Information shown:
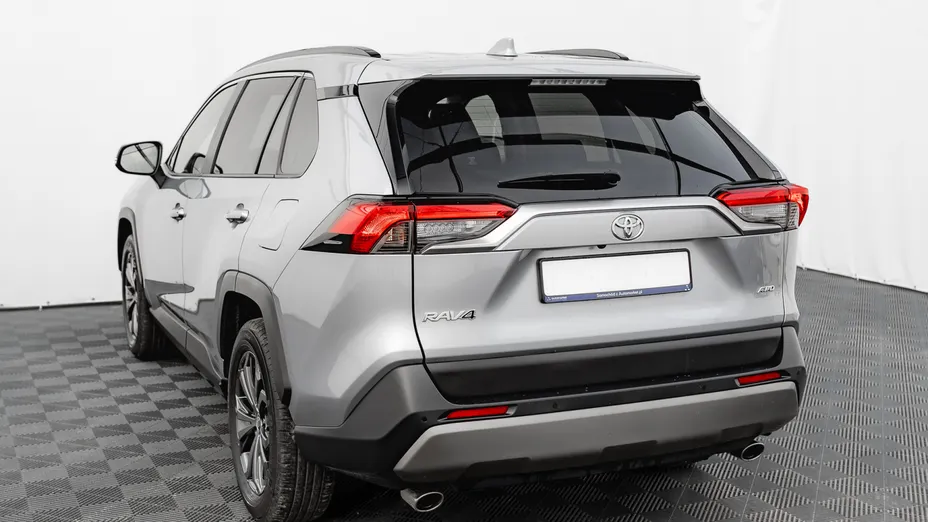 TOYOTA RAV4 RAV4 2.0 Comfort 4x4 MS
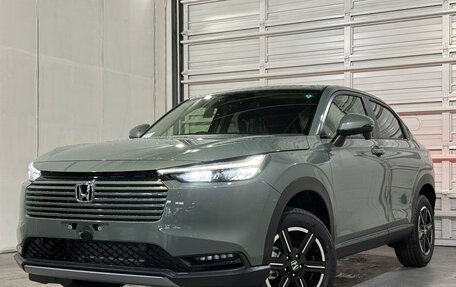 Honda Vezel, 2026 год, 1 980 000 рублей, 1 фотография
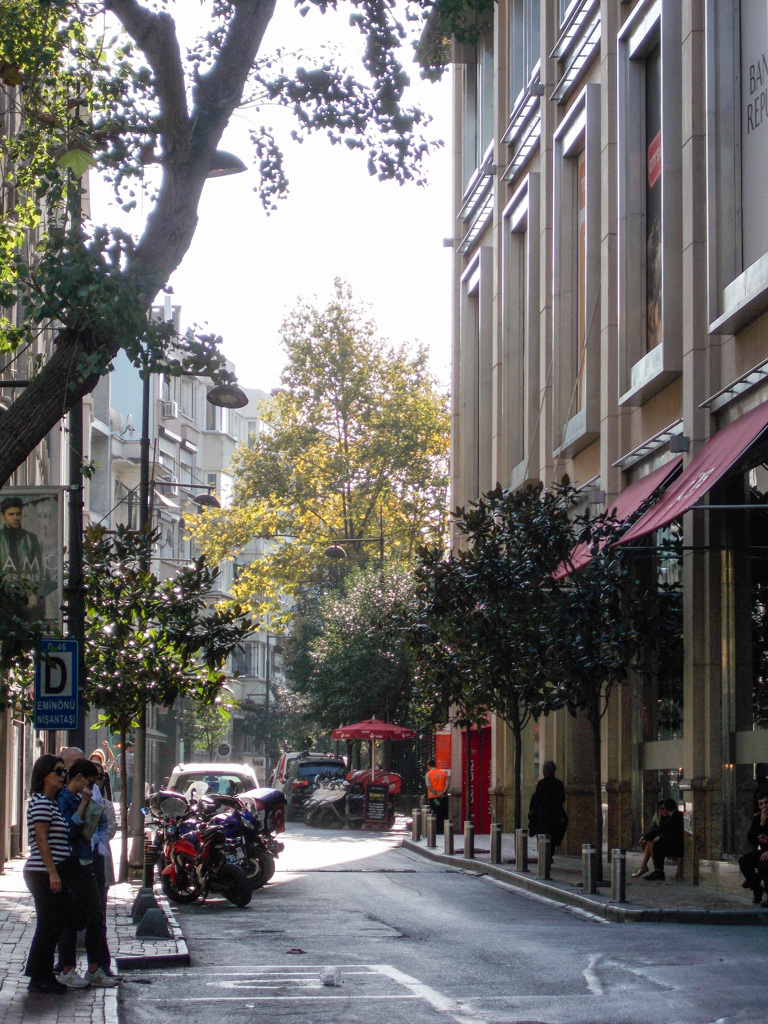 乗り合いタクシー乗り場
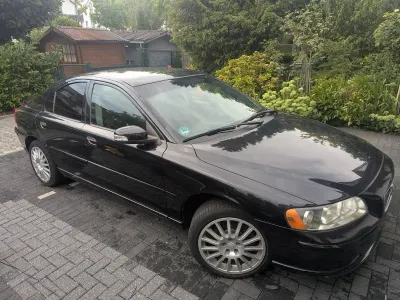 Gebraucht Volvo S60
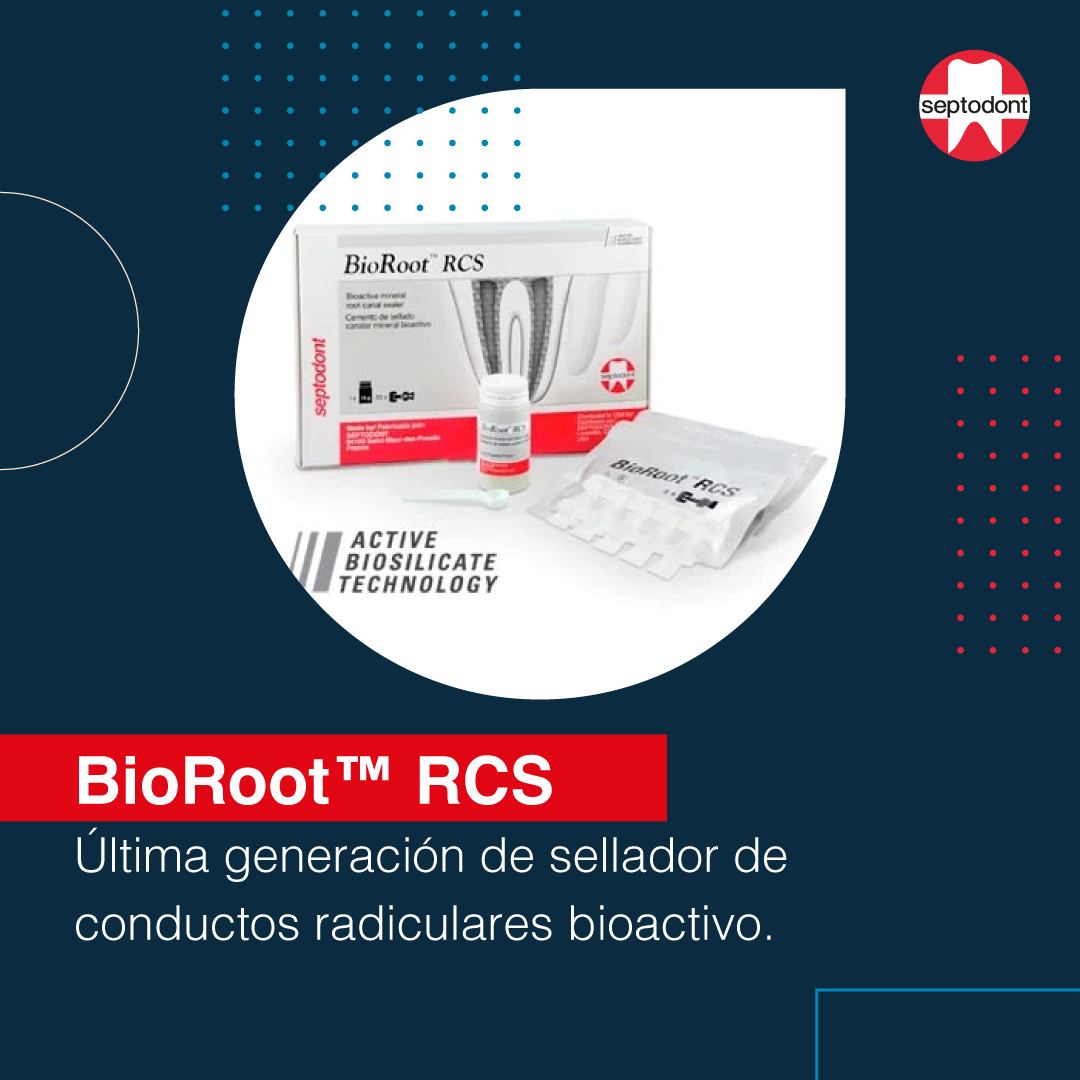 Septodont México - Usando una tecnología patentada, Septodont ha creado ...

Your goal: The entries above should be given again exactly, minus any pictures.

Solved problem:
 TOYOTA RAV4 RAV4 2.0 Comfort 4x4 MS
 Honda Vezel, 2026 год, 1 980 000 рублей, 1 фотография
 乗り合いタクシー乗り場
 Gebraucht Volvo S60
 Septodont México - Usando una tecnología patentada, Septodont ha creado ...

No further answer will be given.